Those who believe that the 25-cent peep show is restricted solely to humans, guess again. A January study at Duke University Medical Center revealed that male rhesus macaque monkeys will “pay” to gaze at images of female monkey posteriors. The animals gave up quantities of fruit juice for prolonged views of either female hindquarters or the faces of high-ranking males in their society. Scientists say that this behavior may yield clues to why men ogle and women read People, and could lead to a better grasp of autism in humans.

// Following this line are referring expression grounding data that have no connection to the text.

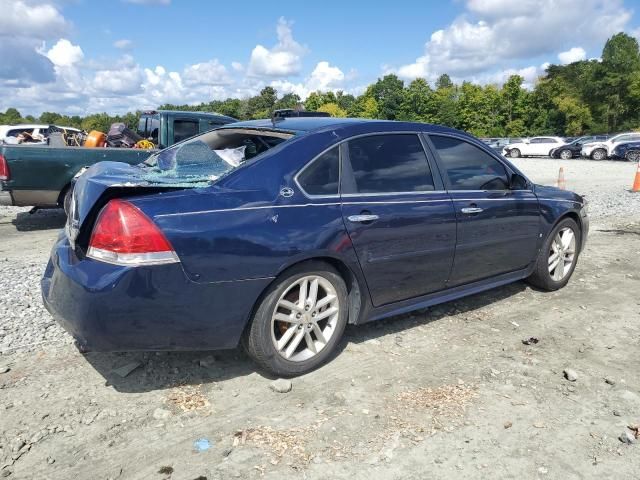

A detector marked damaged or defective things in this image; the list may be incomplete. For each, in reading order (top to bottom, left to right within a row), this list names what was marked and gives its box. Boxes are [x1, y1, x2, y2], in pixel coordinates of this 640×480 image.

wrecked vehicle [0, 112, 235, 210]
damaged windshield [141, 127, 294, 184]
wrecked vehicle [41, 115, 592, 376]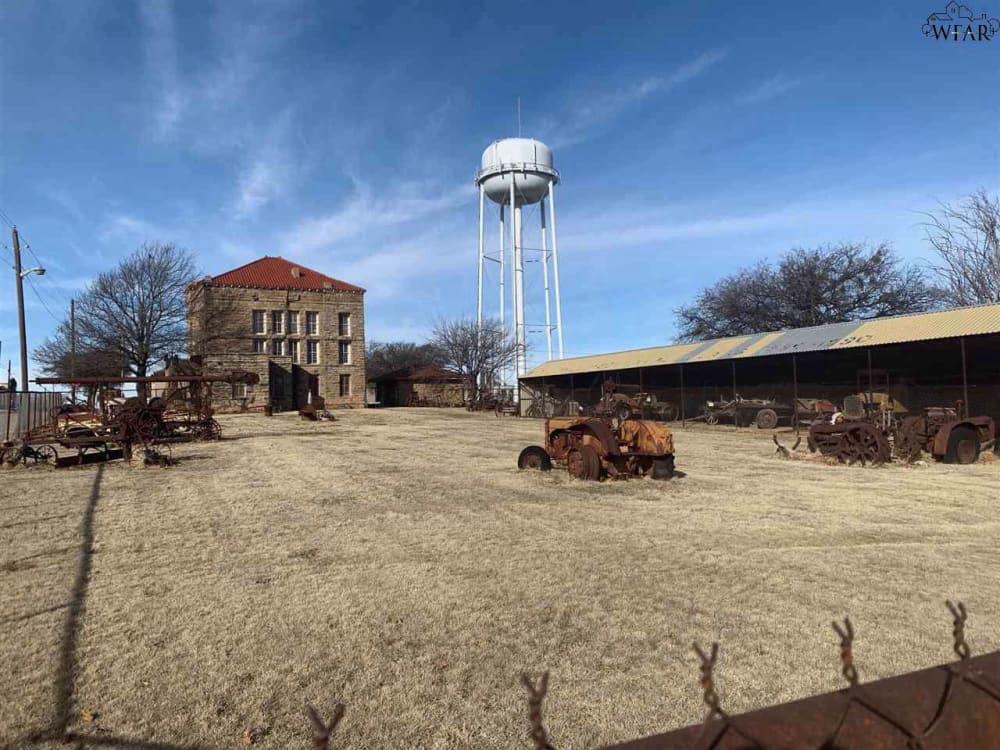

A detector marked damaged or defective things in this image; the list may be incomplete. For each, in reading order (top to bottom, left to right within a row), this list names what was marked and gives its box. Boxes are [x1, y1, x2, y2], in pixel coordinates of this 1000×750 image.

rusty metal fence rail [0, 390, 68, 444]
rusty farm machinery [0, 372, 258, 470]
rusted metal wheel [516, 446, 556, 470]
rusted metal wheel [568, 446, 596, 482]
rusty tractor [520, 414, 676, 484]
rusted metal wheel [752, 408, 776, 432]
rusted metal wheel [836, 426, 892, 468]
rusty farm machinery [808, 394, 996, 470]
rusty tractor [808, 396, 996, 468]
rusted metal wheel [944, 428, 976, 464]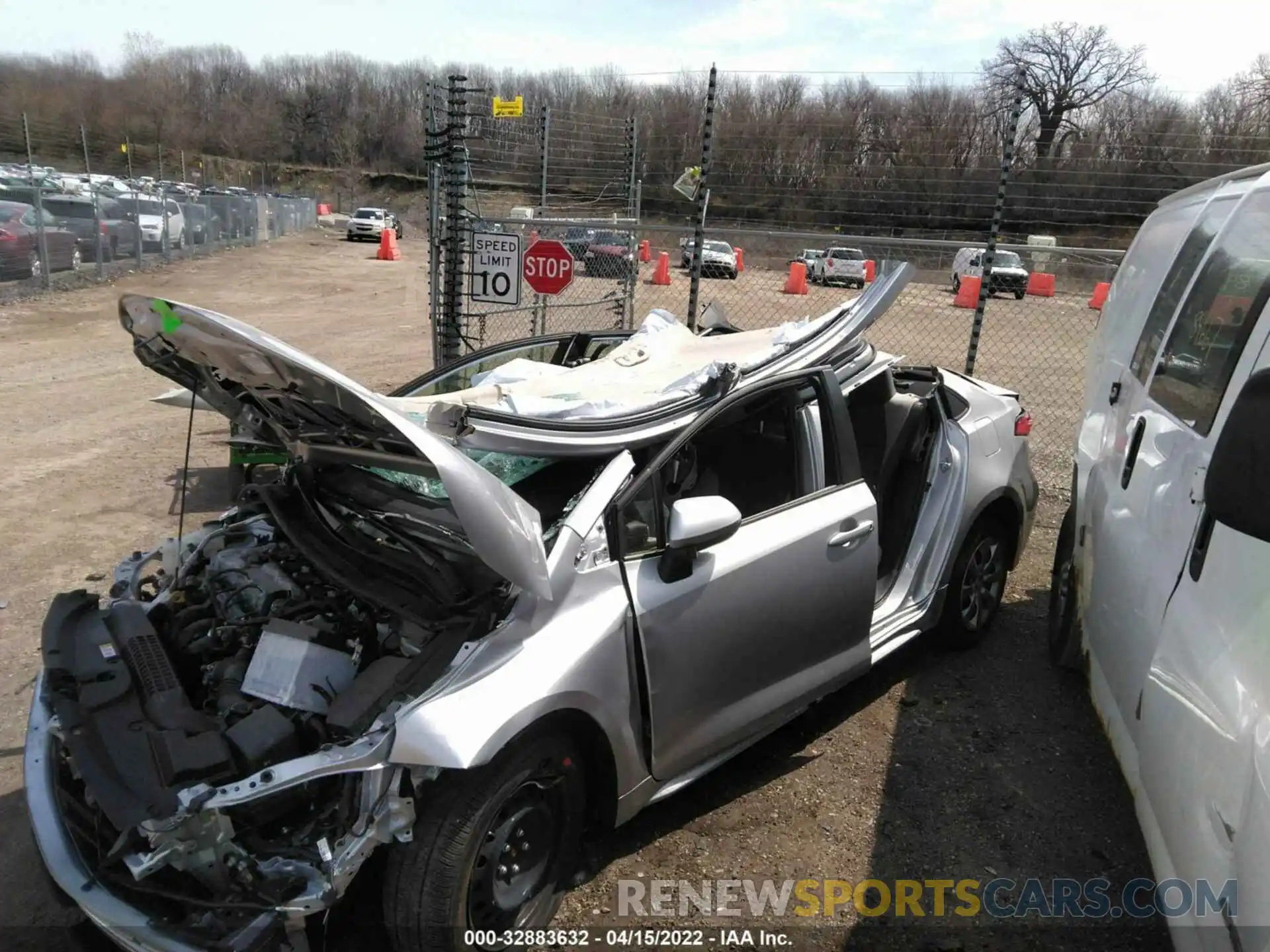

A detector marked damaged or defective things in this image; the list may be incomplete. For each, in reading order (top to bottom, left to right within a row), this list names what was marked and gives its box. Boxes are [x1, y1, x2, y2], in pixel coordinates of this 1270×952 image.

Four male monkeys were allowed to choose between receiving large juice samples and receiving smaller samples accompanied by digital images. By measuring how much juice the subjects were willing to forgo, scientists could determine the value of each image—highest for female rear ends and lowest for low-ranking male faces.
But that doesn’t mean you can use evolution as an excuse for gawking at girlie picsɓ the monkeys’ reactions aren’t necessarily pornographic, scientists say. Rather, the males may be gauging the reproductive potential of their peers. “We think the males are trying to keep track of each stage in a female’s cycle and her receptivity for mating,” says Michael Platt, the study’s co-author.
The payment for images of dominant males surprised Platt, especially because the monkeys wouldn’t look directly at the pictures for longer than a few seconds. In the animal kingdom, a sustained stare can insinuate a challenge, but Platt sees a human connection too. “It’s tradition in hierarchical societies with a dominant authority—an emperor, for example,” he says. “You lower your eyes in
his presence, but when you get a chance you’re going to peek. You just don’t want to get caught.”
The connection with autism, a condition that affects nearly 1.5 million Americans, is based on understanding primates’ decision-making processes.
People with autism lack the motivation to look at other individuals and don’t pick up on signals such as eye contact, facial expressions and gestures, making normal social interaction difficult.
By studying the monkeys’ brain waves during this experiment, Platt and his colleagues hope to identify neural circuits responsible for socially appropriate interaction. To help autism sufferers integrate more smoothly into social situations, “we might be able to develop treatments that enhance the motivational value of looking at others,” Platt says.
If nothing else, the study might explain humankind’s fascination with high-ranking members of our own society. Why else would we plunk down hard-earned cash for lad mags and macho action thrillers packed full of muscular, good-looking guys, or flock to the newsstands for the latest paparazzi photos of the rich and famous?